The Basic Idea: Their Returns Trail by the Amount of Fund Expenses. But That Isn’t the Whole Story.

ARI I. WEINBERG

Updated June 2, 2014 5:21 p.m. ET

The party line on index exchange-traded funds is that they offer easy exposure to a benchmark, less the fund’s expense ratio. If a stock index were to gain 10% this year, for instance, and an index ETF charges 0.1% of fund assets a year in expenses, an investor in that ETF might expect to earn 9.9%.

The reality is messier. The fund’s costs to buy and sell securities, and other aspects of portfolio management, influence your return as well.

For most stock ETFs, this slippage beyond the expense ratio is usually marginal: The median added cost is four-hundredths of a percentage point for ETFs with more than $100 million in assets that invest in U.S. stocks, according to data from research firm ETF.com. Some ETFs even overcome some costs to deliver tighter index-hugging than their expense ratios would indicate.

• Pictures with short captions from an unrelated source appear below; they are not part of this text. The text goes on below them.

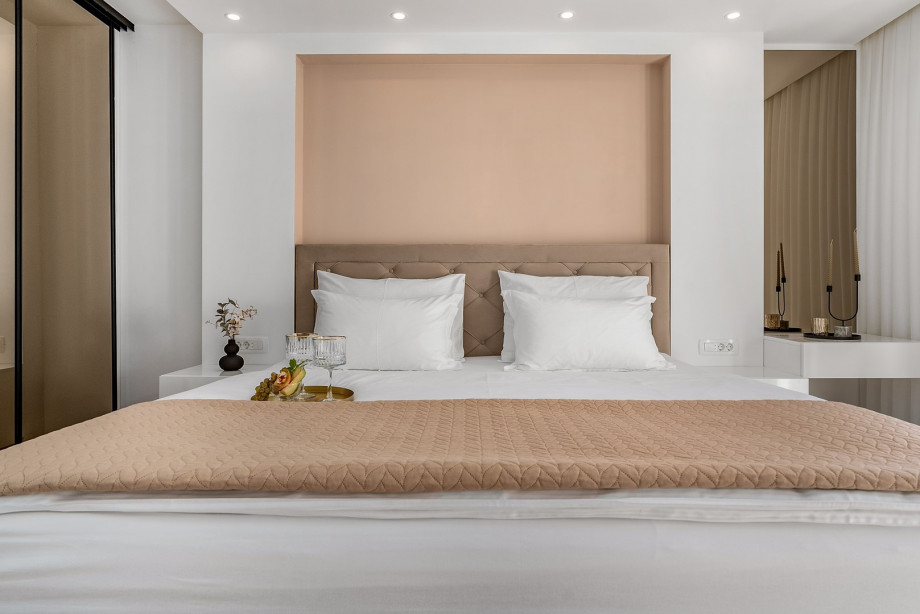 Bedroom NO4 with dressing table, air-condition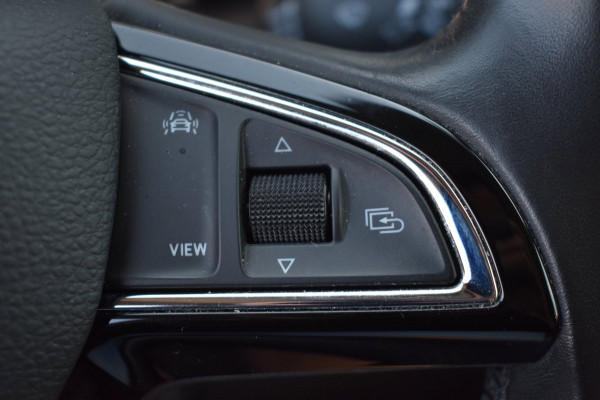 Škoda Karoq 1.5 TSI ACT | VIRTUAL COCKPIT | STOELVERWARMING | CAMERA | NAP | CANTON | SFEERVERLICHTING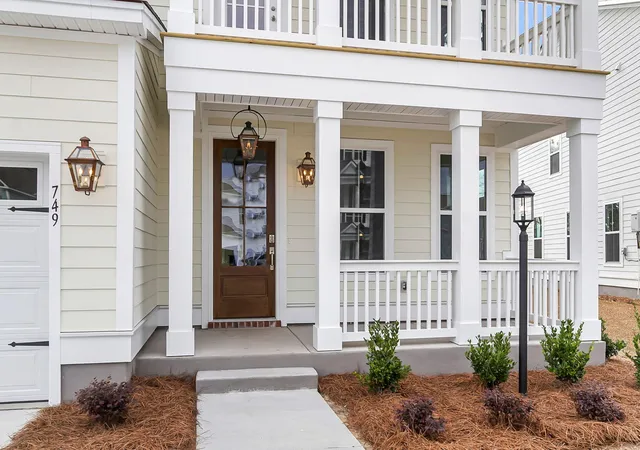Photo 2 of Single family home for sale at 749 Maynard Ln, Summerville, SC 29486 | MLS# 26013716 | Listing updated on 2026-09-03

In other cases, the lag in ETF performance is significantly greater than one might expect based on fund expenses alone.

Follow the Benchmark

The easiest way to find the hidden costs (or added value) is to look at an ETF’s returns relative to its benchmark. ETF.comcomputes a statistic known as “median tracking difference,” the median discrepancy over 12-month periods between the fund’s return based on net asset value (rather than share price) and the return of the index.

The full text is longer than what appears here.